How Do You Distribute?

The game of distribution has changed for craft beer in the last 1,000 days or so. Even just five years ago a brewery that was looking to expand into distribution outside its home market could pick up a phone, call a distributor, send a few samples and away things would go.

Not so much anymore.

“If someone is reaching out to us, I don’t know how excited I am right off the jump,” admitted Chris Emmons, the director of craft for Ohio-based wholesaler Heidelberg Distributing. “If they aren’t the prettiest girl at the dance and everyone is going after them already … why are they coming to us?”

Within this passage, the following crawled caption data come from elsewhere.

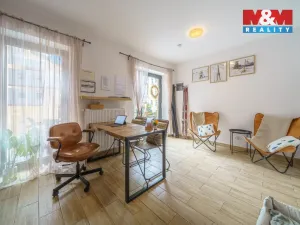 Prodej bytu 2+kk, Jáchymov, K Lanovce, 46 m2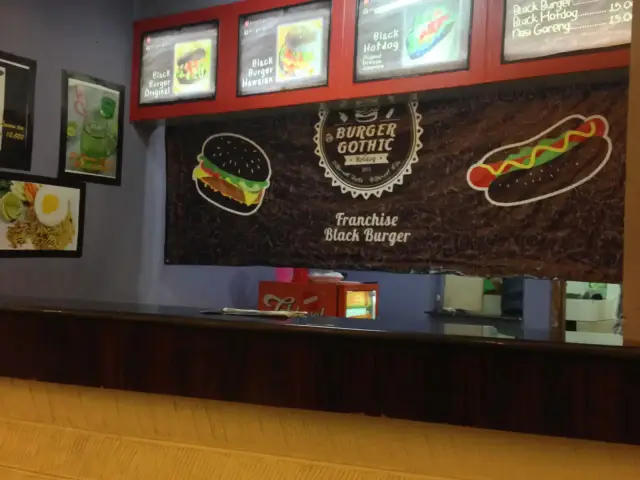 Gambar Makanan Burger Gothic 2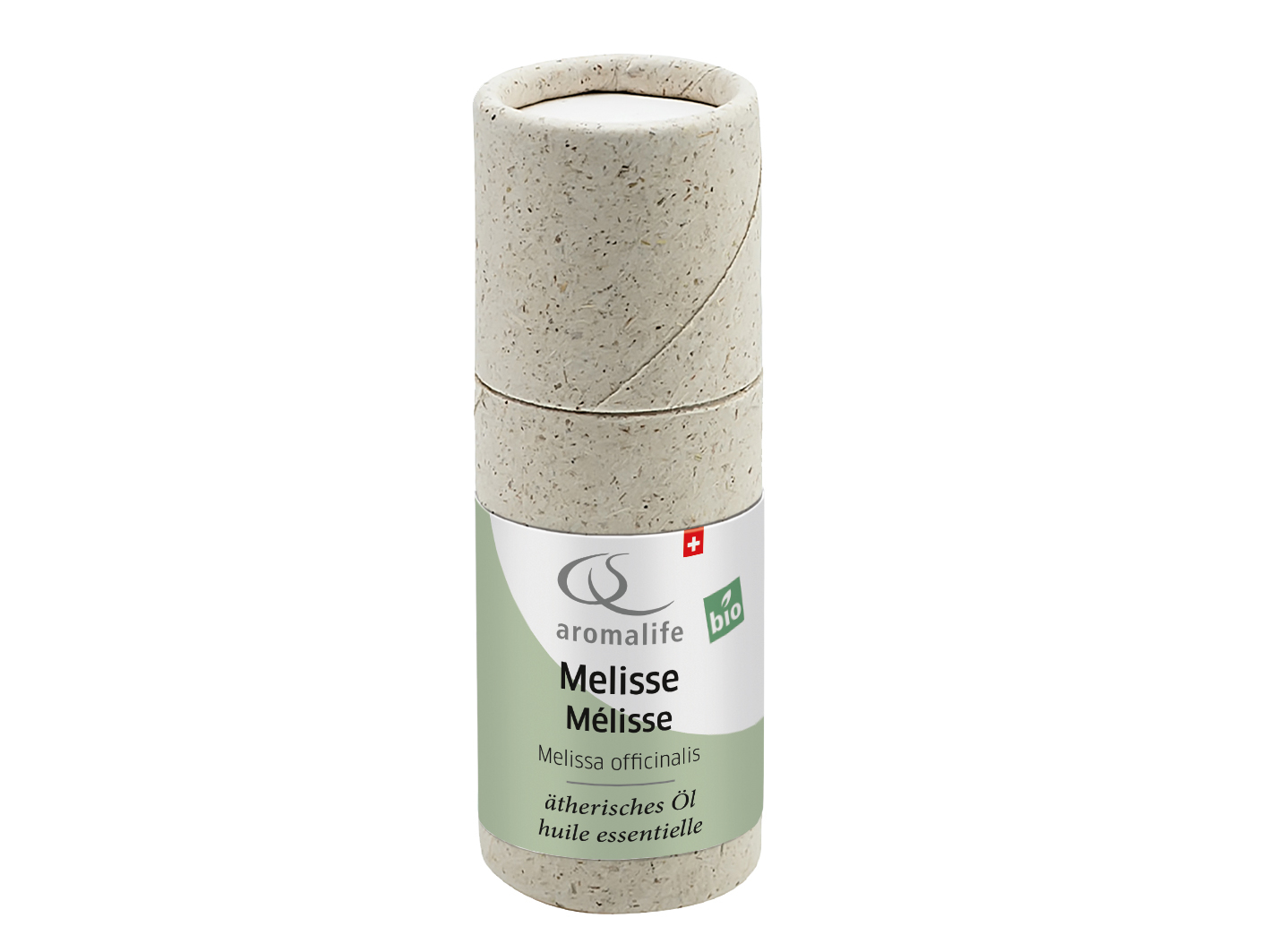 Melisse 100% Bio ätherisches Öl 1ml (mit Pipette)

Quality, analytics and marketability is just a few of the keys needed before even thinking of broadening a brewery’s reach in this world’s craft beer marketplace, where now more than 5,000 breweries exist.

Of course having strong sales and the ability to produce product needed in volume for a wholesaler is a given, but having a lot of your homework done prior to the first meeting is needed as well.

“Going into a meeting prepared means a lot, it shows respect for the wholesaler you are sitting with and enables them to understand how you can execute on your vision,” explained Lonerider Brewing CEO Sumit Vohra. “A vision and activities to support the vision are relevant.”

That means knowing what you want your brand to be in that marketplace. That is something that only the brewery can do said Bear Republic co-founder Richard Norgrove, Sr.

“A brewery cannot make a big distributor out of a small distributor,” he said. “A brewery can not change the method that made that distributor successful. Some of these have been around literally generations and they have a model that works for them. If a brewery goes to them and wants them to do something that isn’t in their model of success, it’s not going to happen. Period.”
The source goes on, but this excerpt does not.